In the most recent ACE Ventures Workshop, Malte Pietsch, co-founder and CTO of deepset, shared his insights and experiences on deploying large language models (LLMs). Deepset is at the forefront of natural language processing (NLP) and on its way to becoming a standard for building LLM applications in the enterprise segment!
One key takeaway was the importance of retrieval augmentation in language model pipelines. Pietsch emphasized using this technique, which involves incorporating additional information into the prompts given to the language model. Doing so effectively reduces the generation of incorrect information, also known as hallucinations. For instance, when training a language model to answer questions about a specific company, retrieval augmentation allows the inclusion of relevant internal data from that company. This added context helps the language model understand the company’s internal workings, leading to more accurate and contextually relevant responses.

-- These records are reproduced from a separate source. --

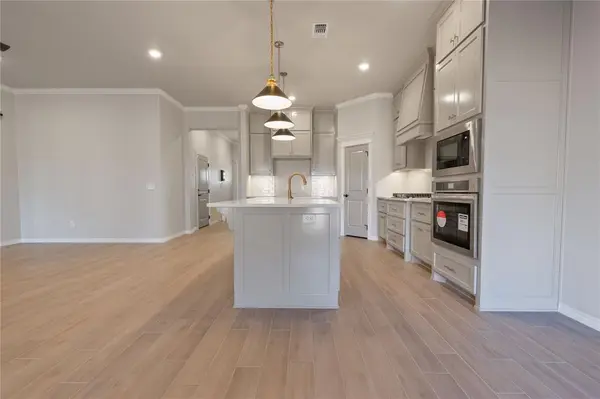 1601 NE 32nd ST, Moore, OK 73160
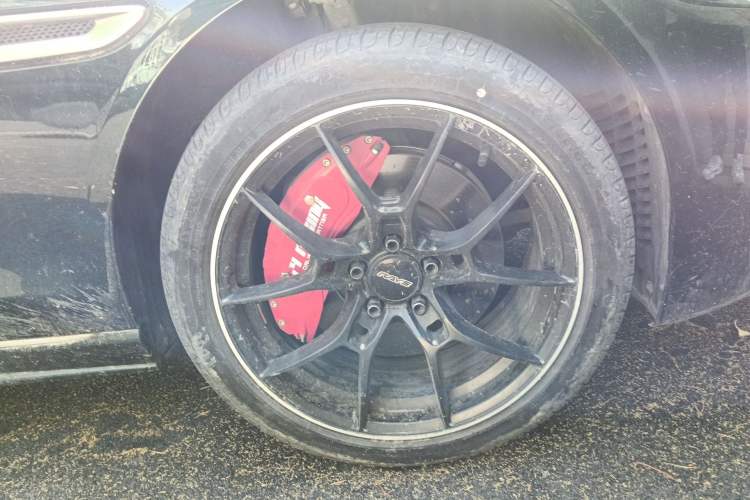 Used Jaguar XEL 2021 2.0T 250 PS R-DYNAMIC S Advanced Sport Edition Right Front Wheel Hub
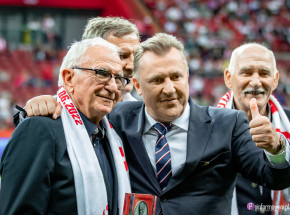 Piłka nożna: Rysa na szkle, czyli problemy PZPN-u [FELIETON]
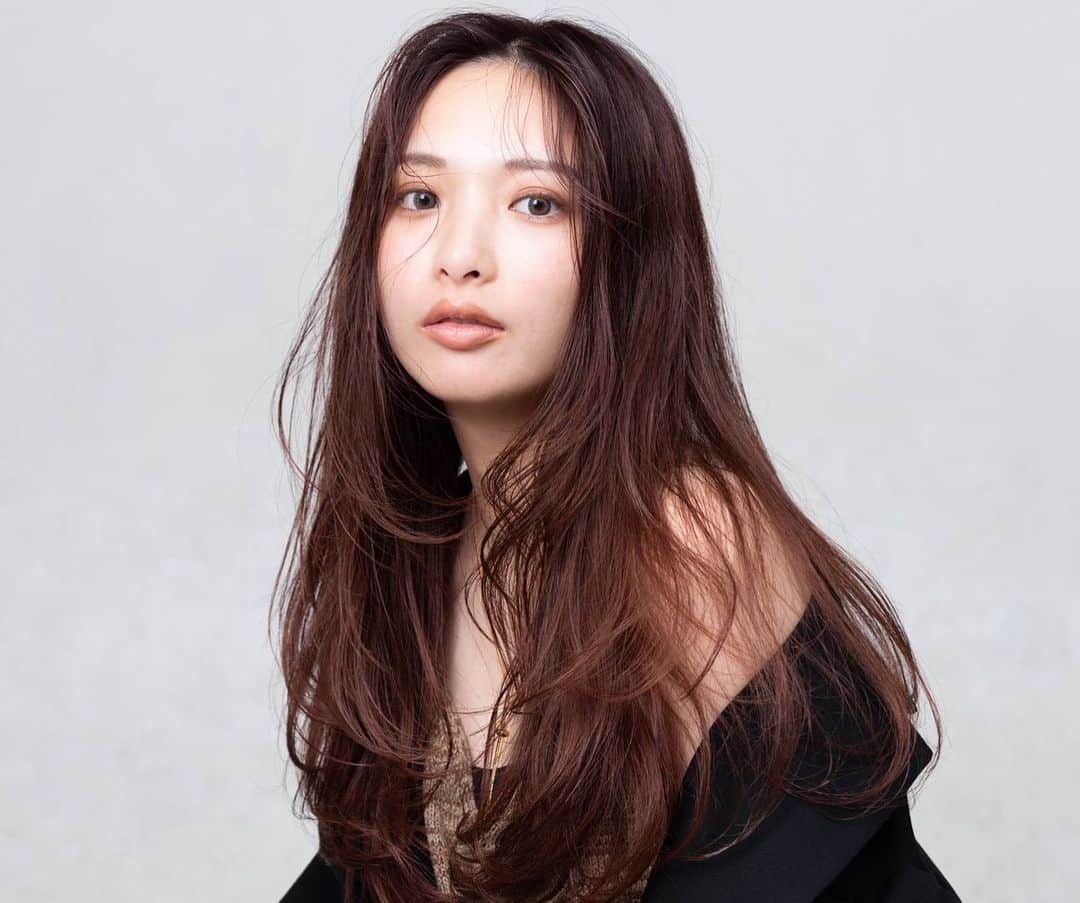 maiのインスタグラム：「メイクしてもらいました❤️ 投稿もおサボり気味で🙏 スタッフの人もカメラマンさんもみんないい人で素敵な時間過ごせました🥰  ありがとうございました✨」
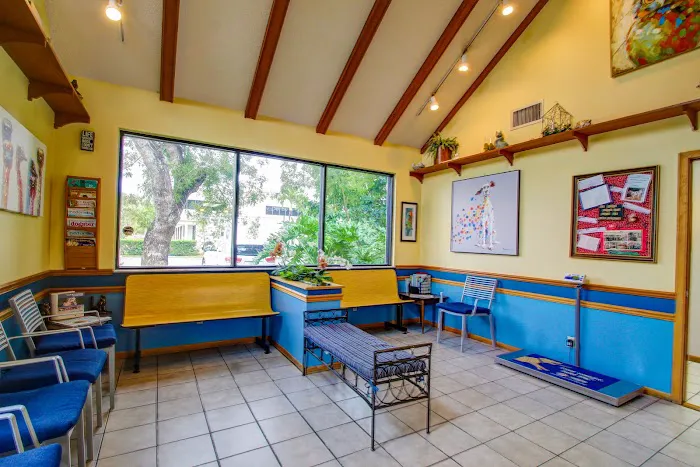 Community Animal Hospital of Royal Palm Beach 12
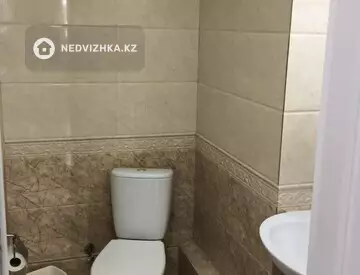 3-комнатная квартира, этаж 8 из 9, 83 м²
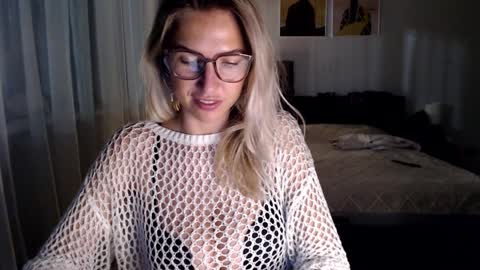 Snapshot of vivica_coke chatting on January 14, 2025, 3:36 pm VI online show from January 14, 2025, 3:36 pm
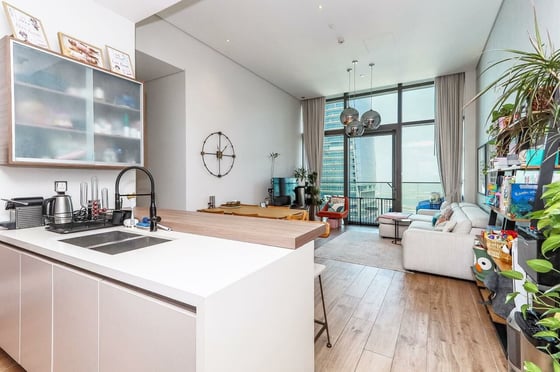 Stunning View| Fully Upgraded| Vacant On Transfer, picture 2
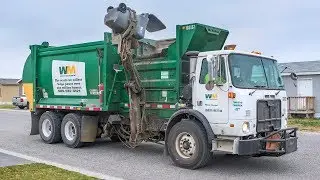 Autocar WX64 - McNeilus AutoReach Garbage Truck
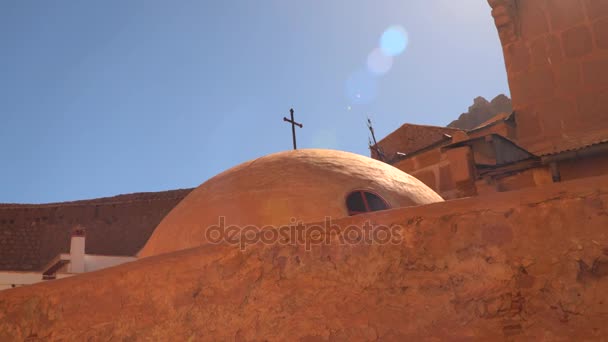 Kuppel mit Kreuz im Kloster St. Katharina — Stockvideo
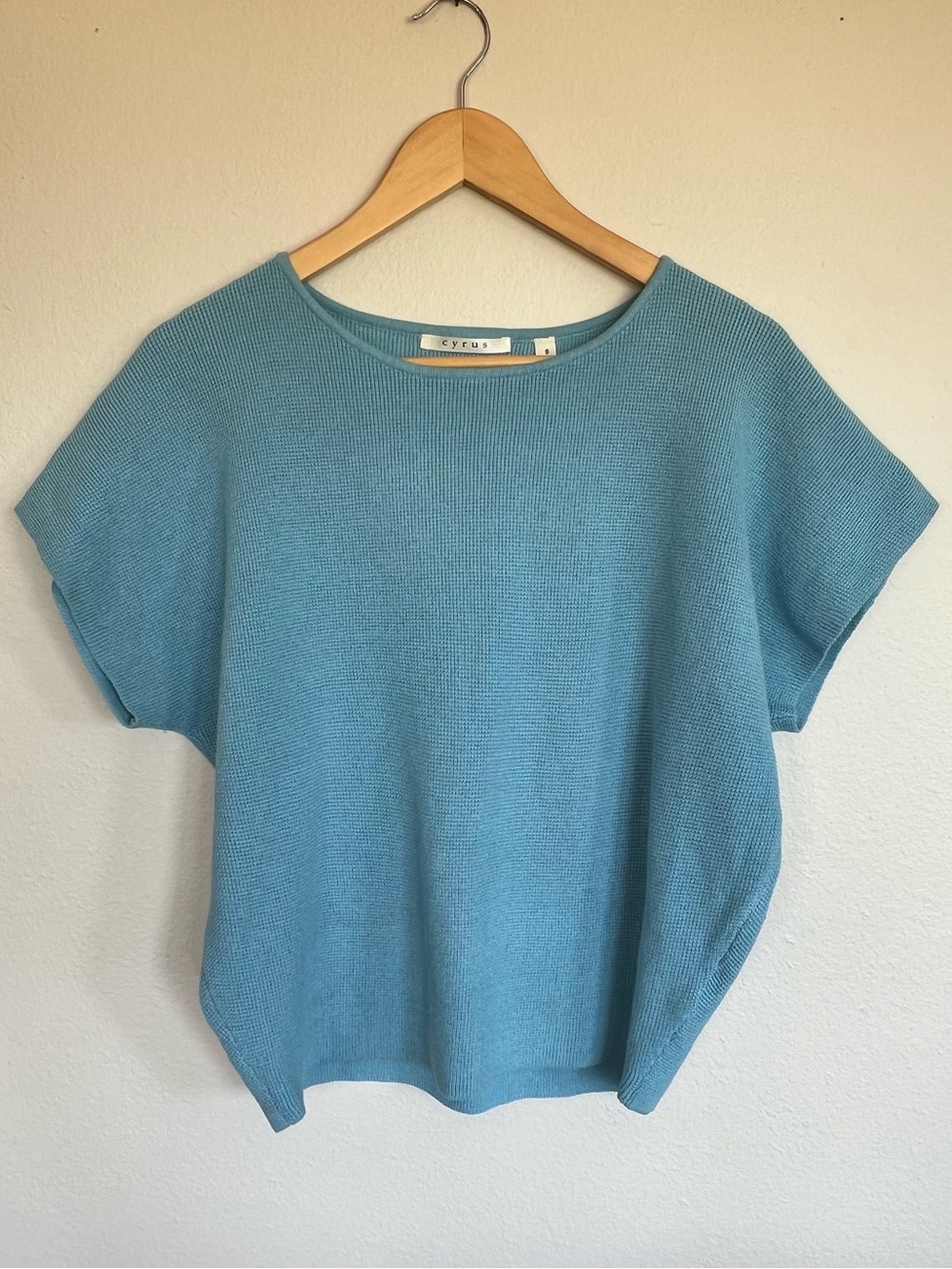 Cyrus Cap Sleeve Women’s Size Small Aqua Blue Short Sleeve Sweater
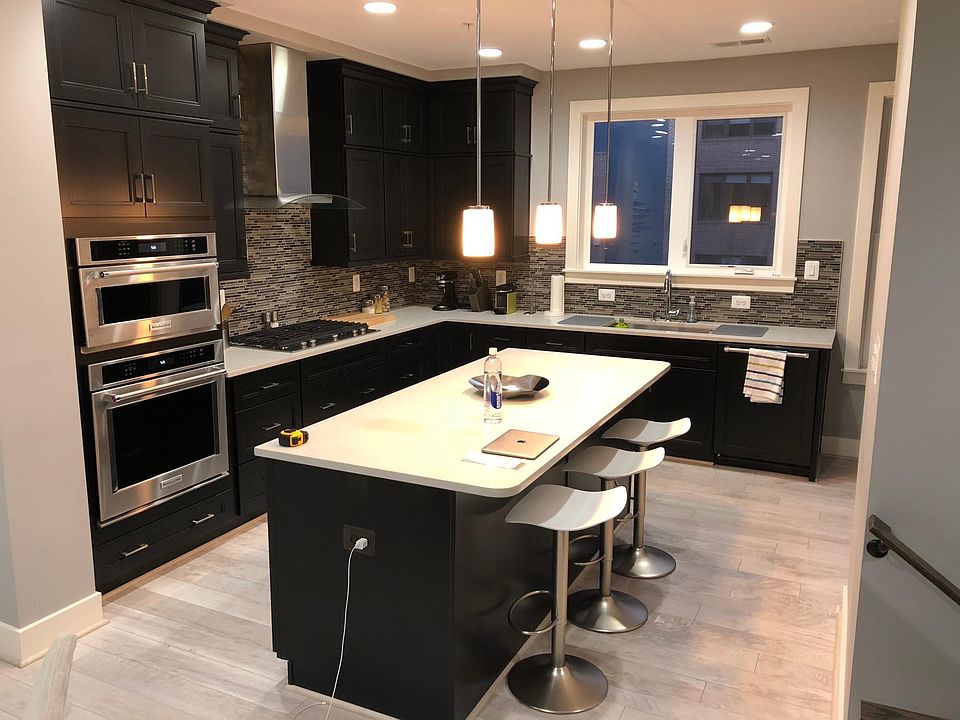 2nd image of 10405 Fernwood Road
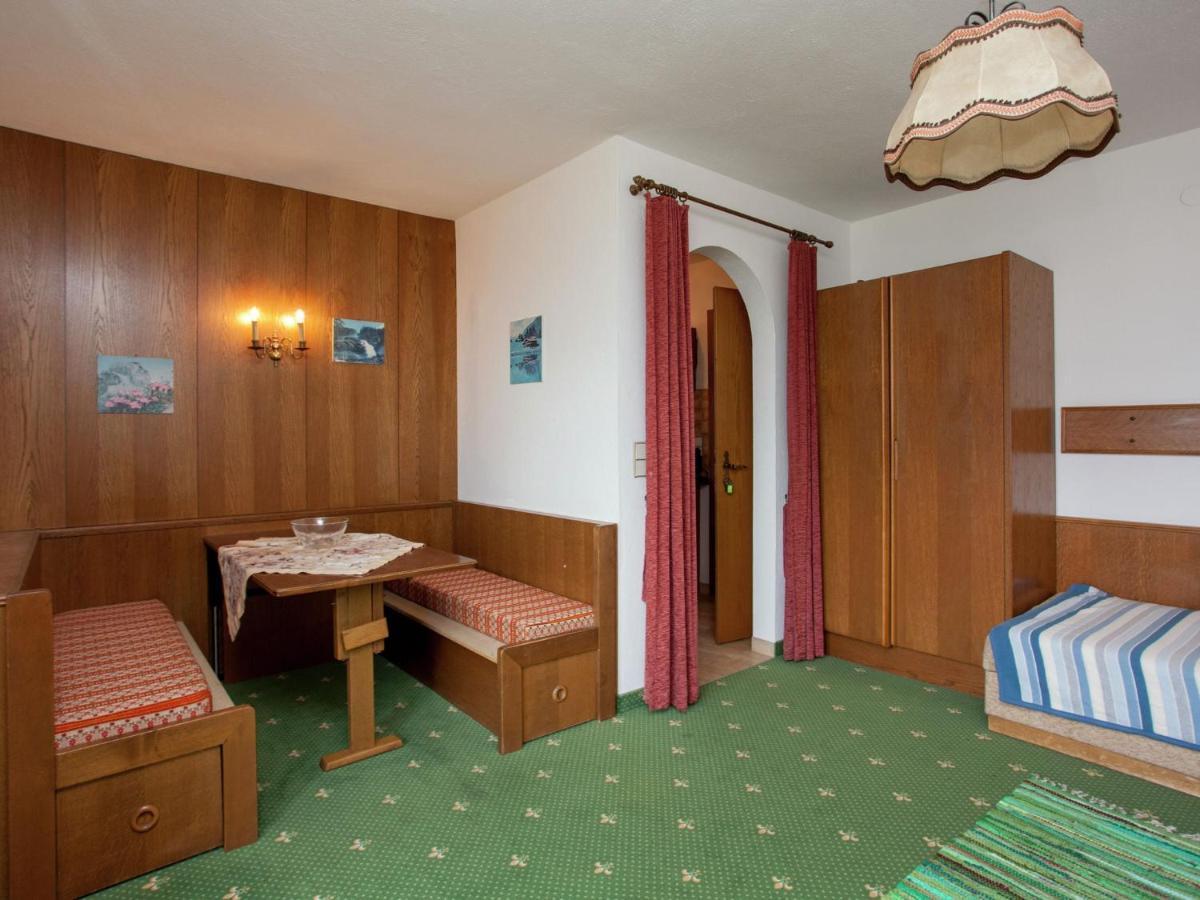 Apartment In Hart Im Zillertal With Garden Balcony Parking Fügen Extérieur photo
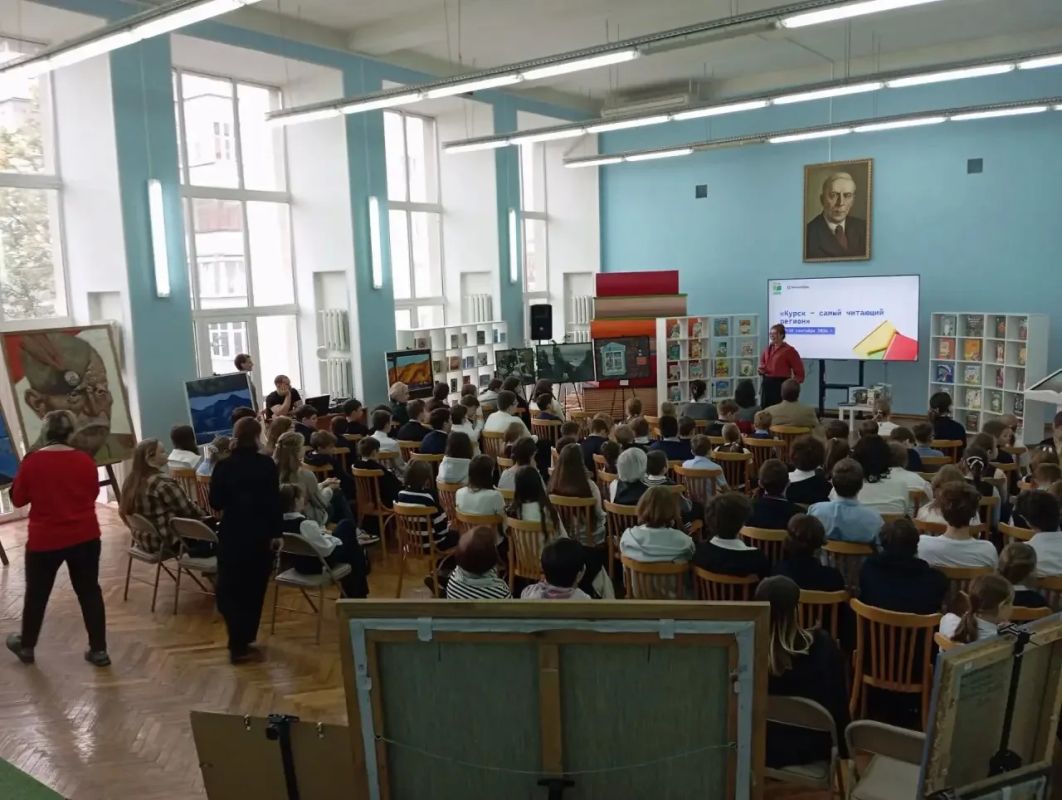В Курск на фестиваль детского чтения прибыли 3 писателя из Москвы В Курск на фестиваль детского чтения прибыли 3 писателя из Москвы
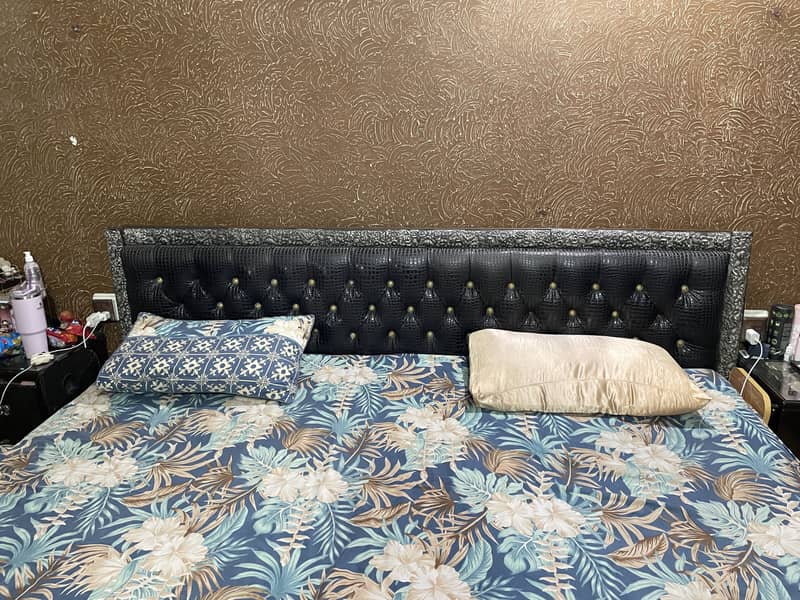 Selling bed 0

The cost and performance considerations of deploying language models were highlighted during the discussion. The deployment cost can vary significantly, ranging from approximately $1,000 for self-hosted models to as much as $60,000 for models hosted by third-party providers. To mitigate these costs, several strategies were suggested. Firstly, opting for smaller, specialized models and optimizing the retrieval and prompting processes can help reduce expenses. This includes utilizing cache or persistent storage to leverage similarities with previous queries and minimize the number of calls. Another aspect discussed was the utilization of small device sets, where the expected answer and relevant documents are provided. Incorporating this information, such as key terms or indicative phrases, into the retrieval process allows for more targeted and efficient retrieval of relevant information, enhancing the system’s overall performance.